§ **What needs to be done**
Without the images, repeat every line of the listing exactly.

§ **Dataset excerpts**
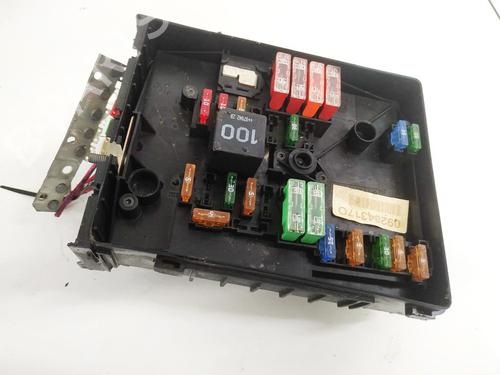 Used Fuse box Fuse box VW GOLF V (1K1) 1.9 TDI (90 hp) 32897593 32897593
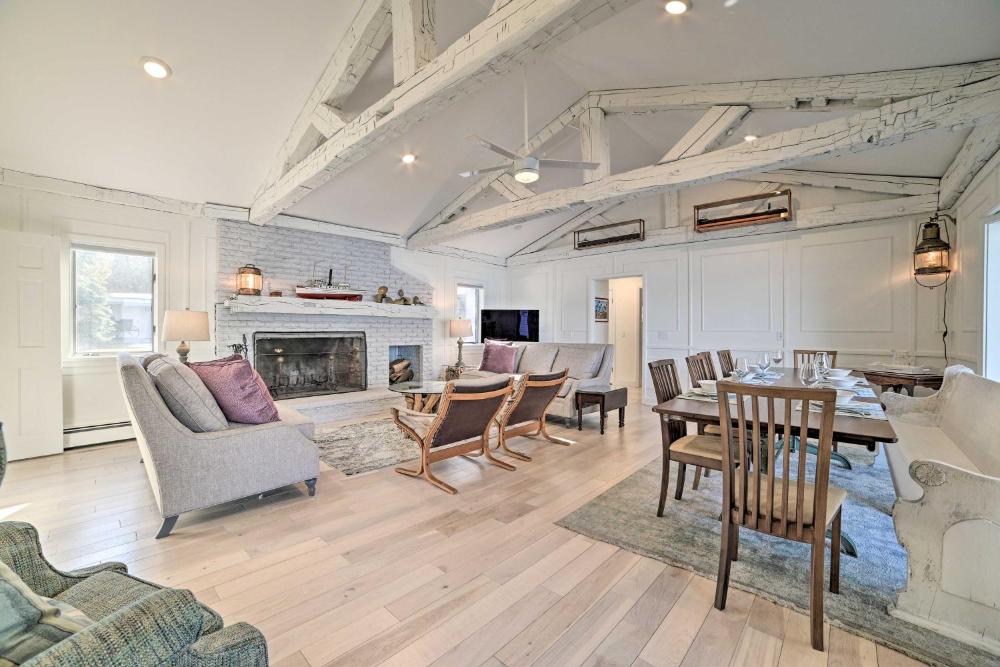 Vacation Home interior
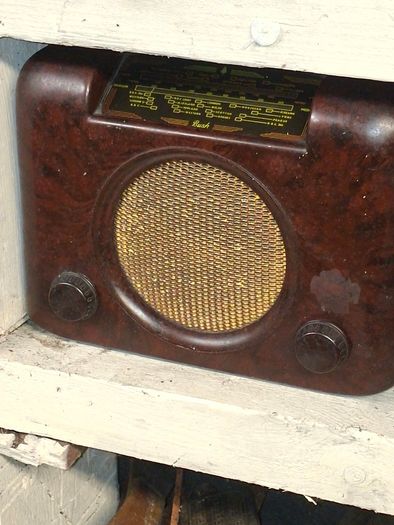 Antique valve radio's PRICE IS FOR 1 ONLY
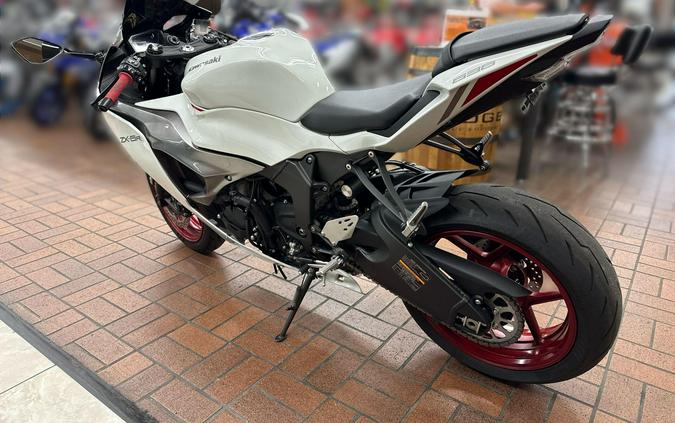 2025 Kawasaki Ninja ZX-6R ABS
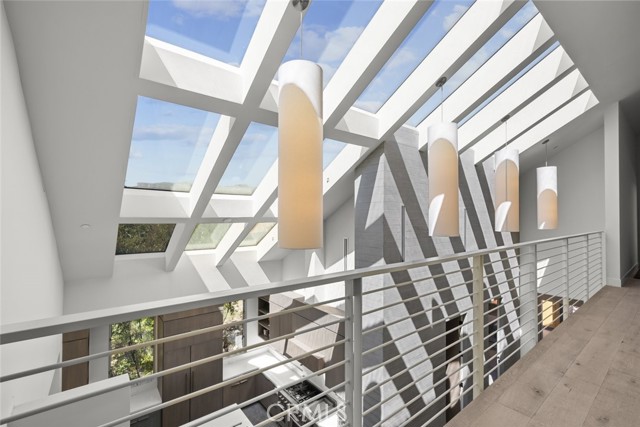 Detail Gallery Image 21 of 53 For 18177 Knoll Hill, Granada Hills,  CA 91344 - 4 Beds | 4/1 Baths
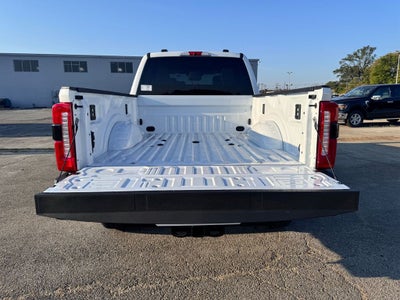 2027 Ford F-350SD Lariat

§ **Response box**
 Used Fuse box Fuse box VW GOLF V (1K1) 1.9 TDI (90 hp) 32897593 32897593
 Vacation Home interior
 Antique valve radio's PRICE IS FOR 1 ONLY
 2025 Kawasaki Ninja ZX-6R ABS
 Detail Gallery Image 21 of 53 For 18177 Knoll Hill, Granada Hills,  CA 91344 - 4 Beds | 4/1 Baths
 2027 Ford F-350SD Lariat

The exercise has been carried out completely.